## Work to be completed
An exact transcription is needed of the lines below from the one with "Vtg Flavio Poli" through the one with "Cream Romance Embroided", with no other lines and no pictures.

## Entries shown
════════════════
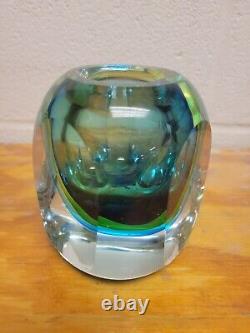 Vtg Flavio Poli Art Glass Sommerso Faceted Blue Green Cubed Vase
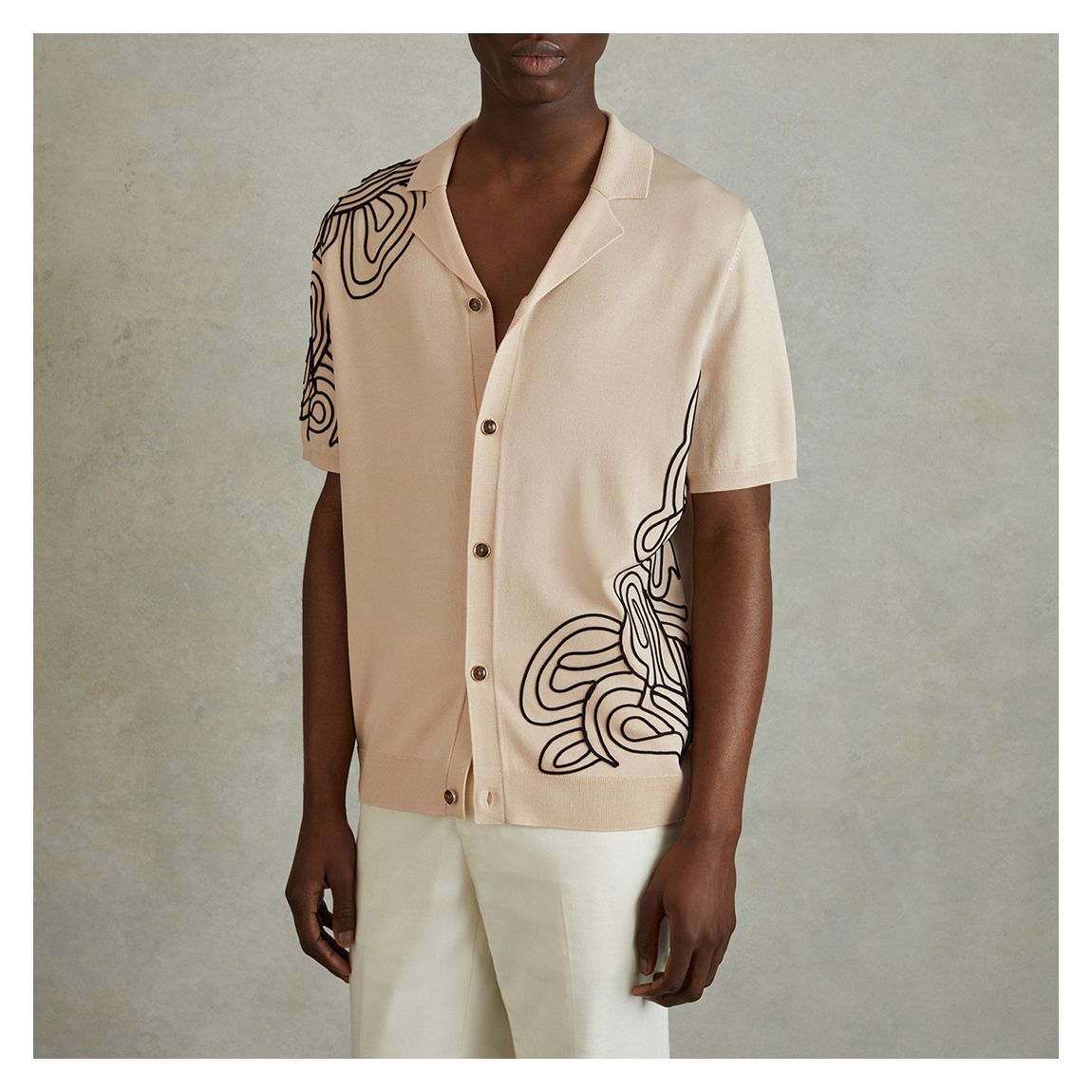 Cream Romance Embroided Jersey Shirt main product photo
════════════════
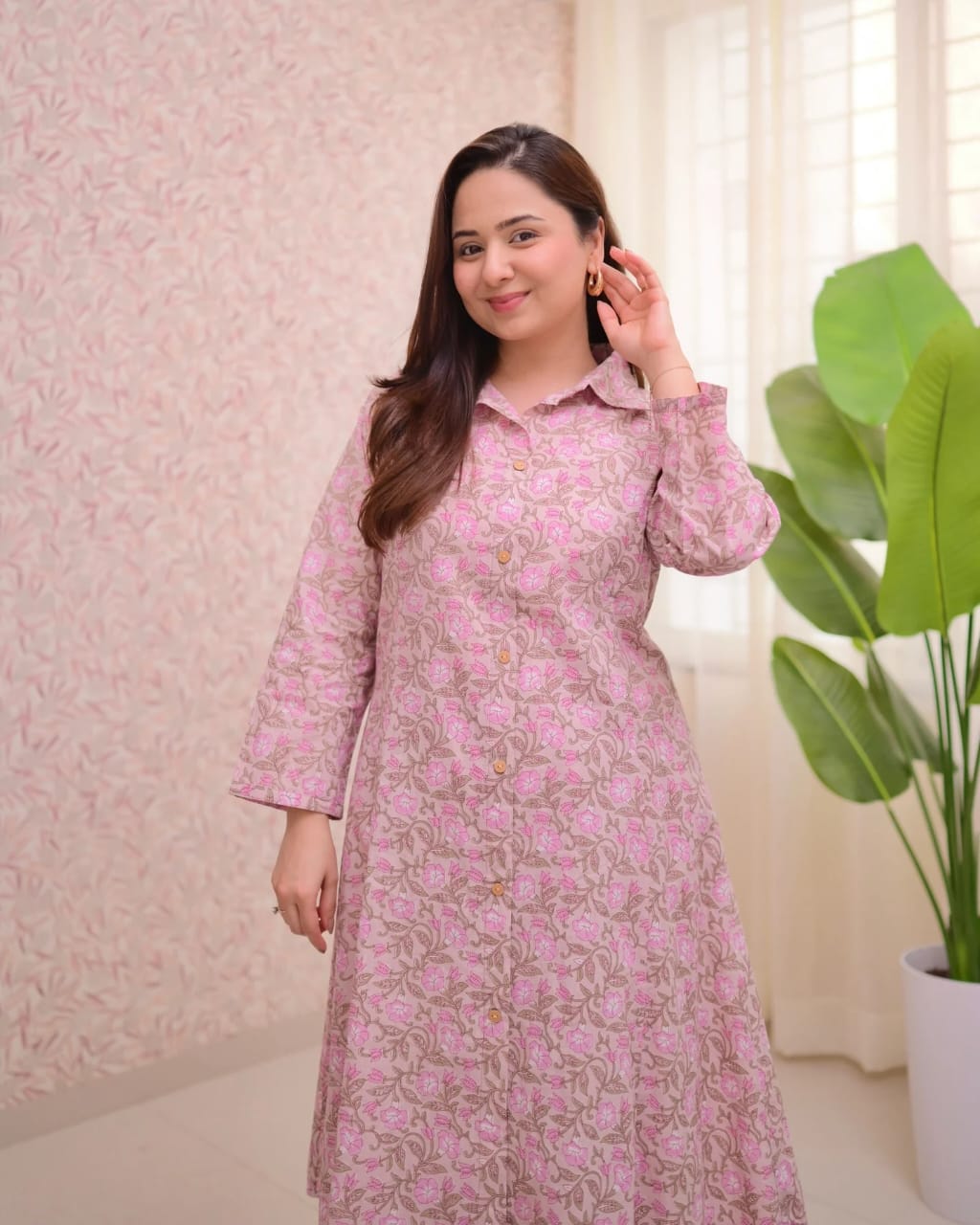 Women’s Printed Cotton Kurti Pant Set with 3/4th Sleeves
════════════════
## Completed task
 Vtg Flavio Poli Art Glass Sommerso Faceted Blue Green Cubed Vase
 Cream Romance Embroided Jersey Shirt main product photo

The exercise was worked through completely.